The manifest if the entry point to files in the epub, an Epub usually contains css, html, images and may also contain fonts. There are also some special files which define the structure of the epub which this gem hides from its API.
To access the manifest
epub.manifest #=> #<Epub::Manifest>
Files within the Epub are refered to as 'items', you can access files directly via the item
method passing either the id of the item in the manifest file or the absolute path to file from the root of the epub zip.
epub.manifest.get(:id => "cover") #=> #<Epub::Item>
epub.manifest.get(:path => "OEBPS/cover.html") #=> #<Epub::Item>
Although its more likely that you don't have this information. To access all items in the Epub
epub.manifest.items #=> [#<Epub::Item>, #<Epub::Item>, ...]
You can also retrieve them by their type
epub.manifest.html #=> [#<Epub::Item>, #<Epub::Item>, ...]
epub.manifest.css #=> [#<Epub::Item>, #<Epub::Item>, ...]
epub.manifest.images #=> [#<Epub::Item>, #<Epub::Item>, ...]
epub.manifest.misc #=> [#<Epub::Item>, #<Epub::Item>, ...]
# Group everything but html (css/images/misc)
epub.manifest.assets #=> [#<Epub::Item>, #<Epub::Item>, ...]
The spine gives you the ordered list of html items which make up the epub. To access the spine
epub.spine #=> #<Epub::Spine>
epub.spine.items #=> [#<Epub::Item>, #<Epub::Item>, ...]
To access the toc
epub.toc #=> #<Epub::Toc>
To retrieve its contents
epub.toc.as_hash # => Returns a nested hash of:
# {
# :label=>"Colophon",
# :url=>"ch01.html#heading1",
# :children=>[
# # Nested here
# ],
# }
Passing :normalize => true
will returned the flattened urls if its not already flattened
When ever you have an instance of a Epub::Item
you can edit that file in place, for example to modify the first item in the epub
# Get the first html item
item = epub.spine.items.first
# Display its contents
puts item.read
html = <<END
<html>
<body>
<h1>Badger badger badger</h1>
<p>
Badger badger badger badger badger badger badger badger badger badger badger badger
Mushroom mushroom
</p>
</body>
</html>"
END
# Replace its contents
item.write(html)
TODO!!!
ePub standardization ensures the epub is valid ready for manipulation. The standardize
command does the following:
- html:
- ensure proper head and body tags
- strip js from html
- css
- namespace to avoid style conflicts
- manifest
- ensure references exist for all assets
- ensure assets exist
Calling normalize!
on an epub will normalise the directory struture, renaming all the urls in the css/html for the items in the manifest.

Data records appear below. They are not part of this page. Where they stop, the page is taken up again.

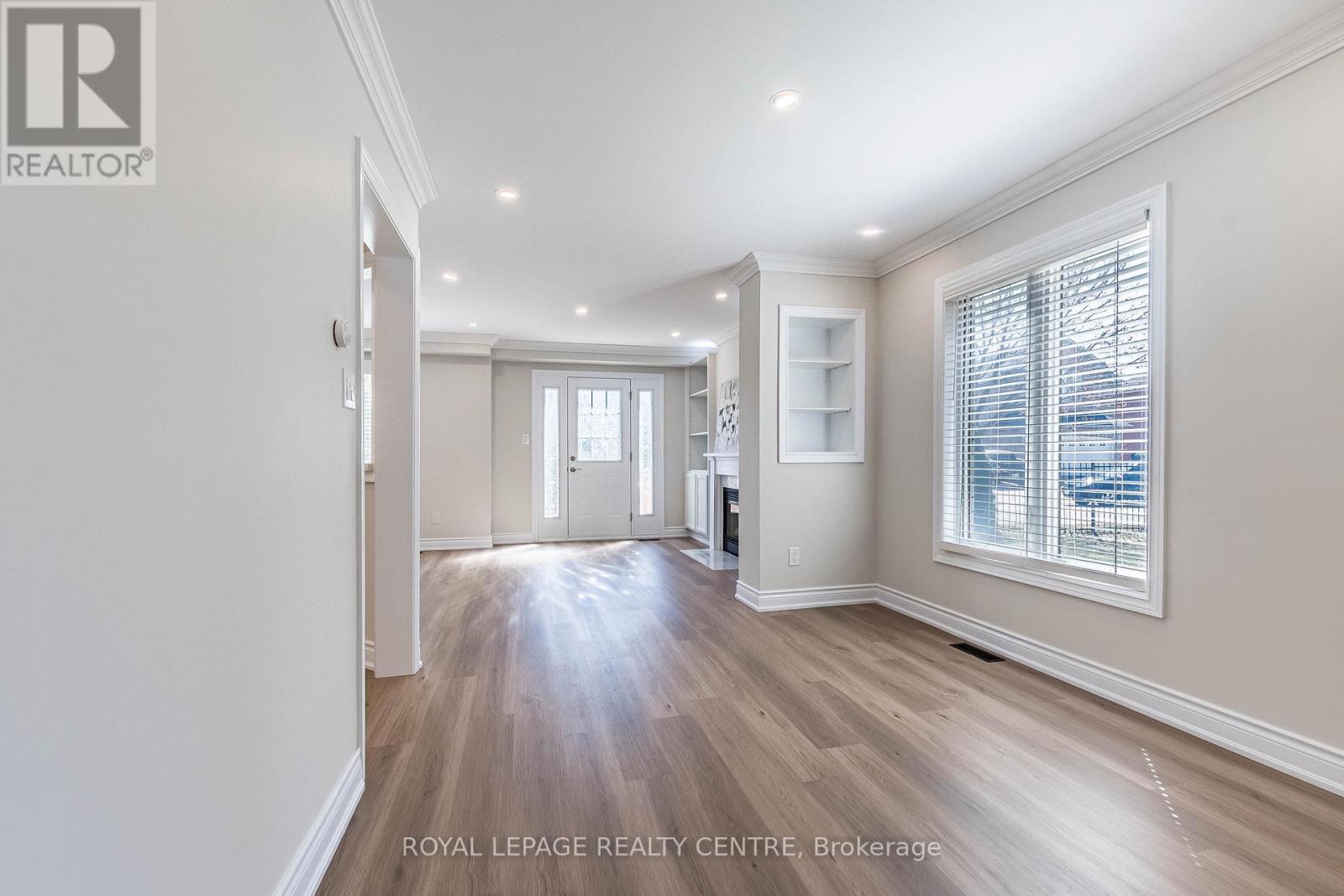 62 - 455 Apache Court, Mississauga, Ontario  L4Z 3W8 - Photo 3 - W12579800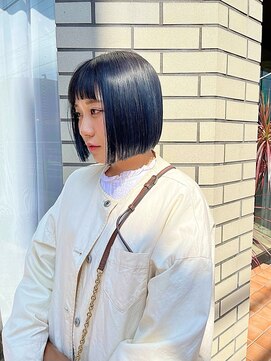 シスタ(SISTA) オン眉前髪前下がり切りっぱなしボブ
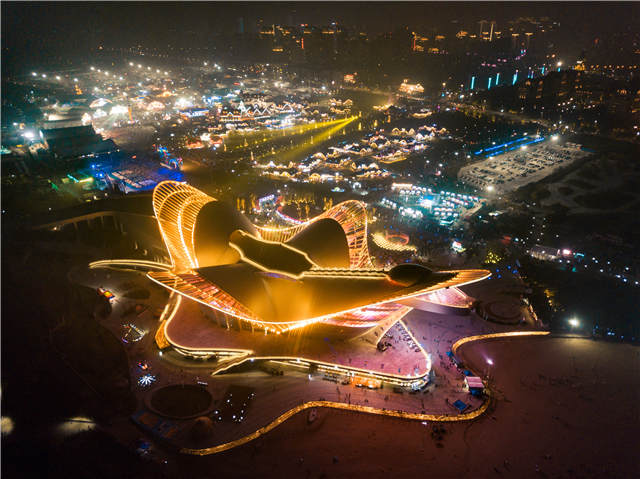 金沙滩啤酒城吃住攻略,金沙滩啤酒城有什么玩的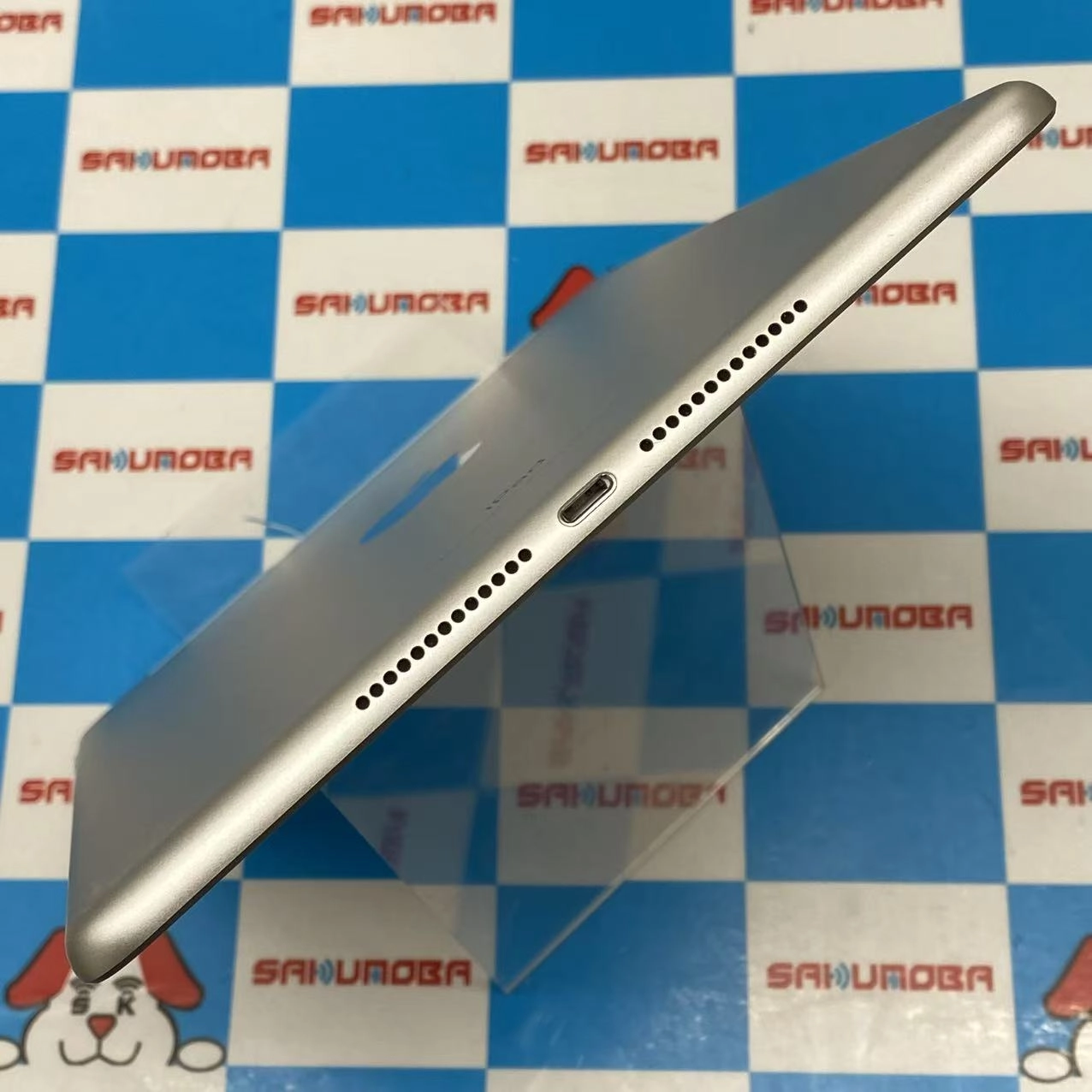 掘り出し物コーナー iPad 第5世代 Wi-Fi+Cellularモデル 32GB シルバー MP1L2J/A SoftBank ジャンク品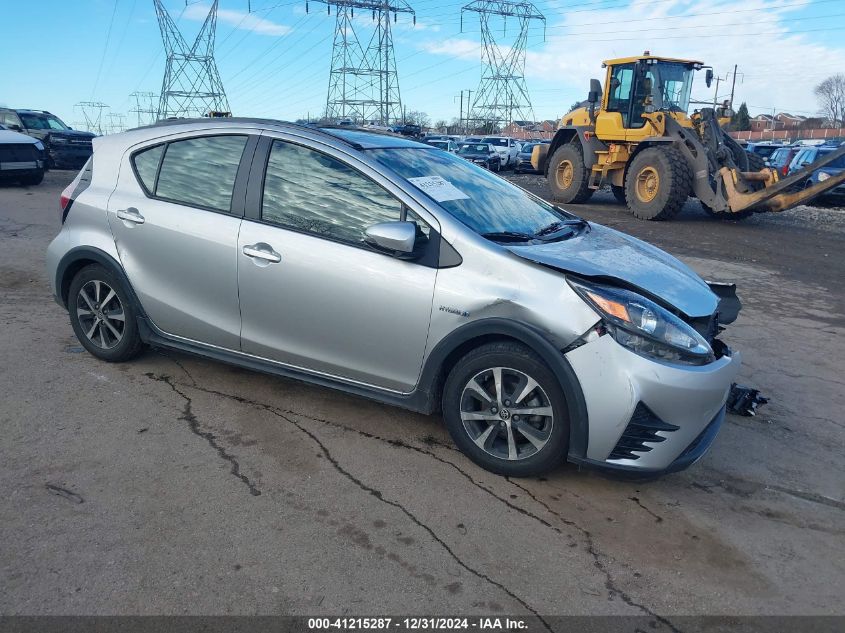 VIN JTDKDTB32J1602478 2018 TOYOTA PRIUS C no.1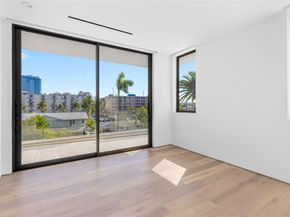 1637 SE 14th St, Fort Lauderdale FL 33316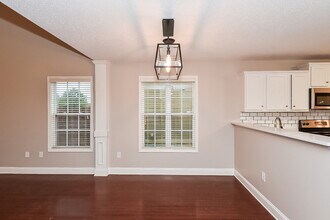 240 Raleigh Way in Villa Rica, GA - Building Photo - Building Photo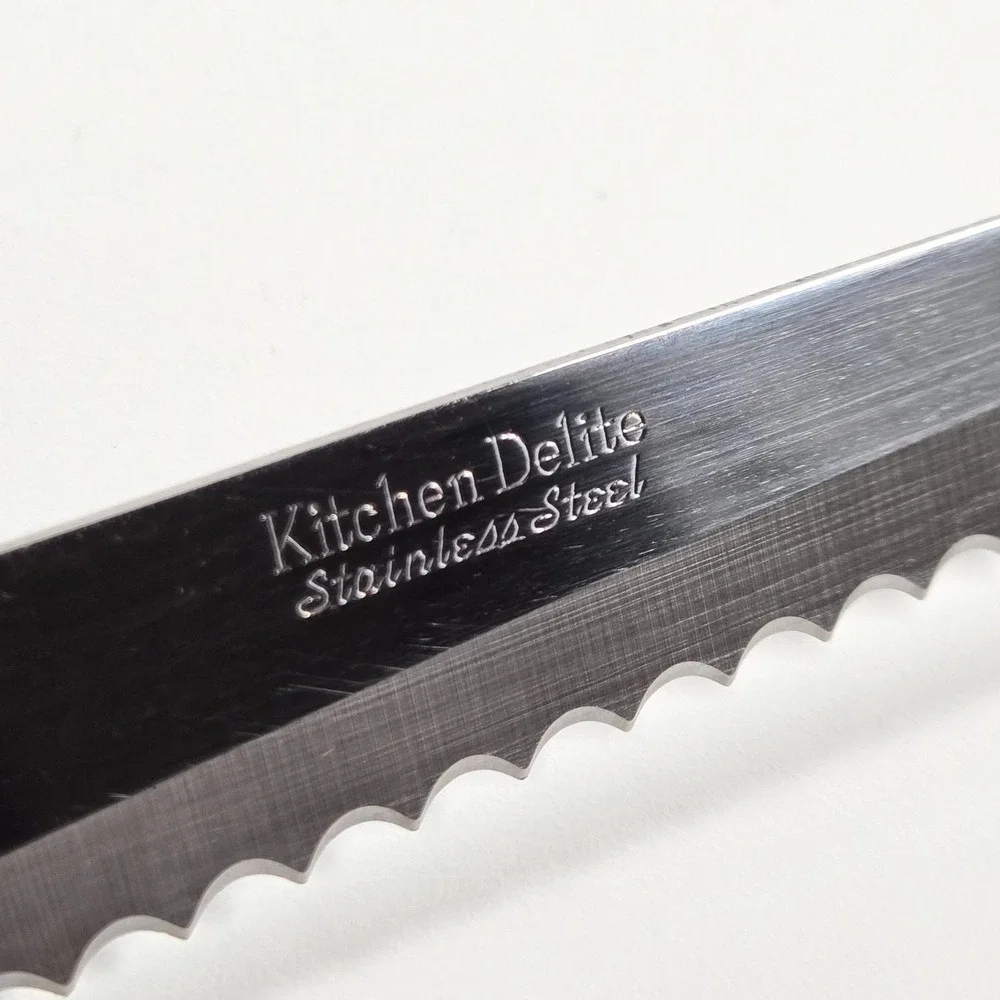 Very Nice Vintage Kitchen Delite Bread Knife Stainless Serrated‎ Wooden Handle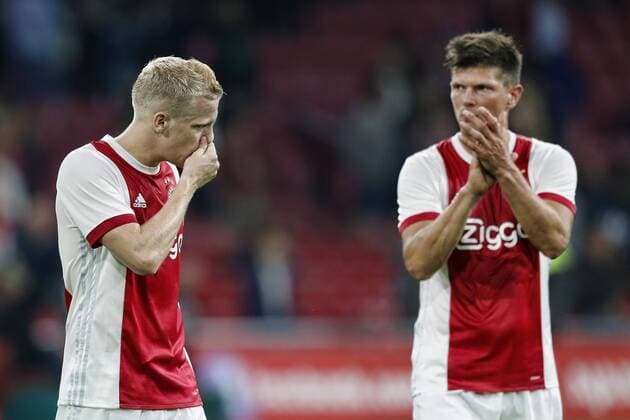 AMSTERDAM, Stadion Arena , 17-08-2017 . Voorronde Europa League seizoen 2017 2018 . Ajax - Rosenborg BK 0-1. Donny van de Beek en Klaas Jan Huntelaar balen . Ajax - Rosenborg  x1673750x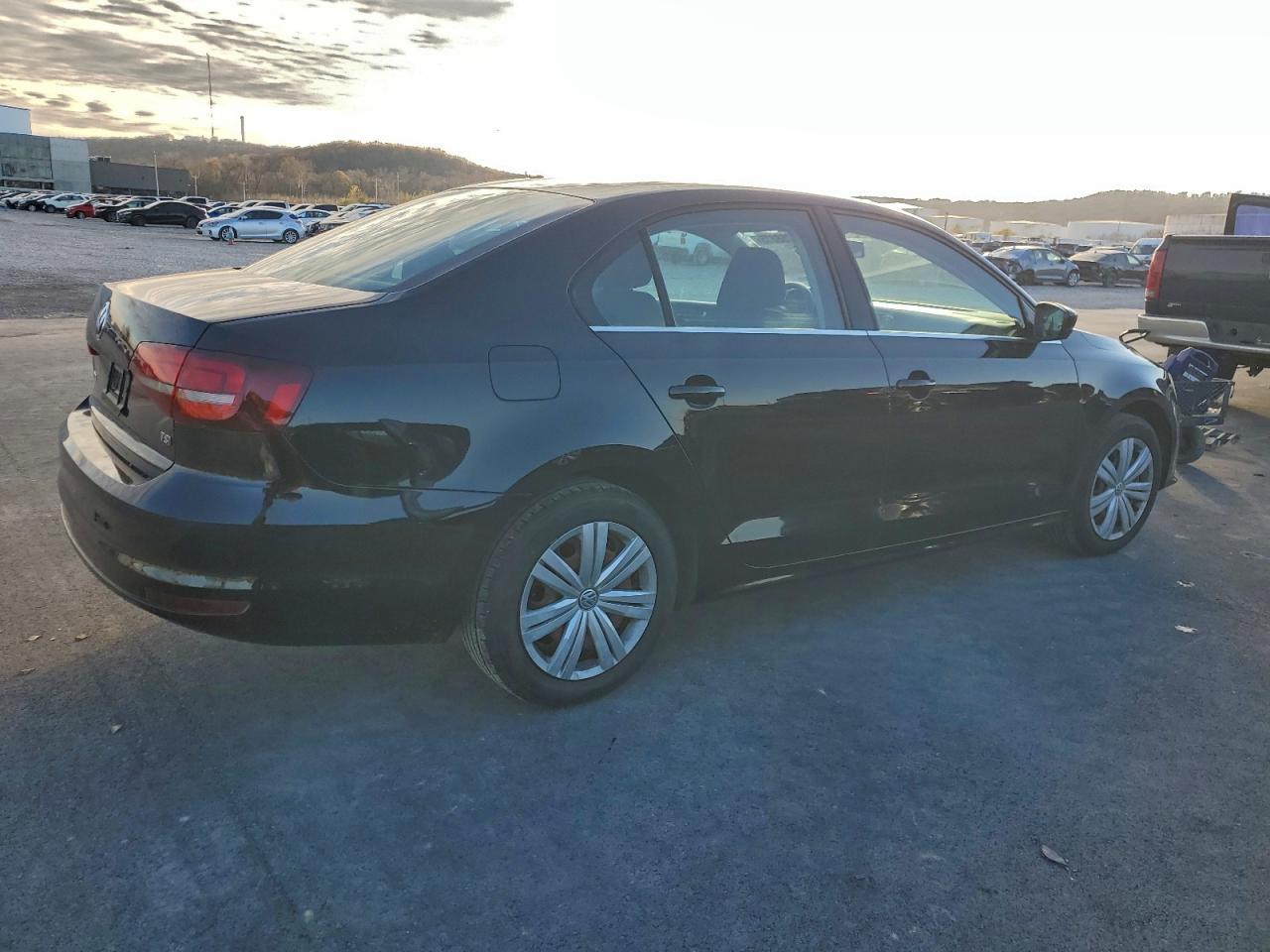 2017 Volkswagen Jetta S - Фото 3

For example the following directory structure
/
|-- META-INF
| `-- container.xml
|-- mimetype
`-- OEBPS
|-- random_dir1
|-- chA.css
|-- ch01.html
|-- ch02.html
|-- image.jpg
|-- random_dir2
|-- chB.css
|-- ch03.html
|-- ch04.html
|-- image.jpg
|-- toc.ncx
|-- content.opf
Will be normalized into the following format, note the file names get renamed to a MD5 hash of there original absolute filepath to ensure uniqueness
/
|-- META-INF
| `-- container.xml
|-- mimetype
`-- OEBPS
|-- content.opf
|-- content
|-- 899ee1.css (was chA.css)
|-- f54ff6.css (was chB.css)
|-- c4b944.html (was ch01.html)
|-- 4e895b.html (was ch02.html)
|-- 89332e.html (was ch03.html)
|-- c50b75.html (was ch04.html)
|-- toc.ncx
|-- assets
|-- 5a17aa.jpg (was image.jpg)
|-- b50b4b.jpg (was image.jpg)
If you want to extract an epub, for instance to serve the content up via a web interface you can to the following
Epub::Document.extract('example.epub', '/some/directory/path')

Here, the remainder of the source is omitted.